Abrasive particles are made from polyurethane foam, said particles
having Mean Area-equivalent Diameter (ECD) of about 307 .mu.m and
Mean Solidity of about 0.63 and a form factor of about 0.16. The
non-woven material is a carded hydroentangled substrate of about 58
g/m2, consisting of about 60% polypropylene and about 40% viscose
fibers of a dry thickness of about 0.57 mm.
Example 5
[0099] Floor wipe: abrasive particles are loaded on a vibrating
grid of 15 mesh before depositing by gravity at the surface of a
nonwoven to form a discontinuous strip of particles whereby the
particle load on that stripe is about 1 gram per square meter and
the stripe width is about 3 cm, representing about 12% of the floor
wipe total surface and needlepunching as in example 3 is applied on
the stripe. Abrasive particles are made from polyurethane foam,
said particles having Mean Area-equivalent Diameter (ECD) of about
216 .mu.m and Mean Solidity of about 0.66. The non-woven material
is a carded hydroentangled substrate of about 98 g/m2e, consisting
of about 60% polypropylene and about 40% viscose fibers of a dry
thickness of about 0.82 mm prior to needlepunching.
Example 6
[0100] Toilet flushable wipe: about 2 parts of abrasive particles
are mixed with about 85 parts of cellulosic fibers and about 15
parts of styrene-butadiene resin binder in an air-laid latex bond
web-forming process yielding a substrate of about 50 gram per
square meter, of about 0.45 mm dry thickness. Cellulose fibers are
mix of natural and synthetic cellulose fibers (about 40% Hardwood
kraft fibers, about 40%, Eucalyptus fibers, and about 20% lyocell
fibers). Abrasive particles are made from
PolyhydroxyButyrate-co-valerate foam, said particles having Mean
Area-equivalent Diameter (ECD) of about 220 .mu.m and Mean Solidity
of about 0.83.
Example 7
[0101] Baby toilet wipe: about 2 parts of abrasive particles are
mixed with about 40 parts of viscose fibers, about 33 parts of
woodpulp and about 22 parts polyethylene tetraphthalate fibers in
hydoentlangled, resin bond process yielding a substrate of about 70
gram per square meter and about 0.55 mm thickness. Abrasive
particles are made from PolyhydroxyButyrate-co-valerate foam, said
particles having Mean Area-equivalent Diameter (ECD) of about 320
.mu.m and Mean Solidity of about 0.81.
Example 8
[0102] Disposable Hard surface towel: an abrasive-containing paste
is applied by gravure printing process on a disposable paper
substrate in a discontinuous pattern whereby about 200 mg of paste
is deposited per wipe in a printed pattern covering about 20% of
the wipe area. Each wipe has dimensions of: 278.times.262 mm. The
paste contains about 22% of abrasive particles (from PU foam, said
particles having Mean Area-equivalent Diameter (ECD) of about 307
.mu.m and Mean Solidity of about 0.63 and a form factor of about
0.16), about 20% greenbentin D0/80 (nonionic surfactant), about 20%
of Euro Surflex 1213 (anionic surfactant), about 18% of C12-14
alkyl dimethyl amine-oxide and about 20% of Polyethylene glycol
8000. The about 60 gram per square meter, and about 0.6 mm dry
thickness fiber web is made of about 1/3 Eucalyptus fibers, about
1/3 Hardwood kraft fibers and about 1/3 Hardwood sulfite fibers
Example 9
[0103] disposable towel: Abrasive particles are air-sprayed at the
surface of a paper substrate across the full surface using
sandblasting spraying nozzle at about 1 bar to achieve effective
particle embedding at the surface. Abrasive particles made from
polyurethane foam, said particles having Mean Area-equivalent
Diameter (ECD) about: 280 .mu.m and Mean Solidity of about 0.77.

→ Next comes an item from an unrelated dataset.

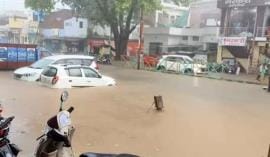 118 mm rain in 24 hours, roads submerged, water entered houses and shops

The paper substrate is about 58 grams per square meter, and about
0.65 mm dry thickness fiber web and is made of about 46% Eucalyptus
fibers, about 13% Hardwood kraft fibers and about 41% Hardwood
sulfite fibers
Example 10
[0104] disposable towel: Material is as example 8, but about 10
grams per square meter of cellulosic fiber web is deposited by
airlaid deposition resin bond process on the substrate.
Example 11
[0105] disposable towel: Material is as example 8, but about 5
grams per square meter of polypropylene fiber web is deposited by
spunbond process on the substrate.
Example 12
[0106] disposable towel: Abrasive particles are mixed at about 15%
w with a dilute water-soluble adhesive; this mixture is then
applied to a 26 grams per square meter paper ply in a dot pattern
to about 5% of the sheet area at a loading of about 350 grams per
square meter within that pattern. Another 26 grams per square meter
paper ply is introduced above and embossing plates matching the dot
pattern are used to compress the plys together. The laminated sheet
is dried to remove water. Abrasive particles are made from
polyurethane foam having Mean Area-equivalent Diameter (ECD): about
280 .mu.m and Mean Solidity of about 0.77. The 26 grams per square
meter, fiber web plys are made of about 46% Eucalyptus fibers,
about 13% Hardwood kraft fibers and about 41% Hardwood sulfite
fibers. The water-soluble adhesive may be AQUANOL.RTM. LAM 6014
(14% active polyvinyl alcohol) or ELVANOL.RTM. 71-30 (8.5% active
polyvinyl alcohol).
[0107] The dimensions and values disclosed herein are not to be
understood as being strictly limited to the exact numerical values
recited. Instead, unless otherwise specified, each such dimension
is intended to mean both the recited value and a functionally
equivalent range surrounding that value. For example, a dimension
disclosed as "40 mm" is intended to mean "about 40 mm".
[0108] Every document cited herein, including any cross referenced
or related patent or application and any patent application or
patent to which this application claims priority or benefit
thereof, is hereby incorporated herein by reference in its entirety
unless expressly excluded or otherwise limited. The citation of any
document is not an admission that it is prior art with respect to
any invention disclosed or claimed herein or that it alone, or in
any combination with any other reference or references, teaches,
suggests or discloses any such invention. Further, to the extent
that any meaning or definition of a term in this document conflicts
with any meaning or definition of the same term in a document
incorporated by reference, the meaning or definition assigned to
that term in this document shall govern.
[0109] While particular embodiments of the present invention have
been illustrated and described, it would be obvious to those
skilled in the art that various other changes and modifications can
be made without departing from the spirit and scope of the
invention. It is therefore intended to cover in the appended claims
all such changes and modifications that are within the scope of
this invention.
* * * * *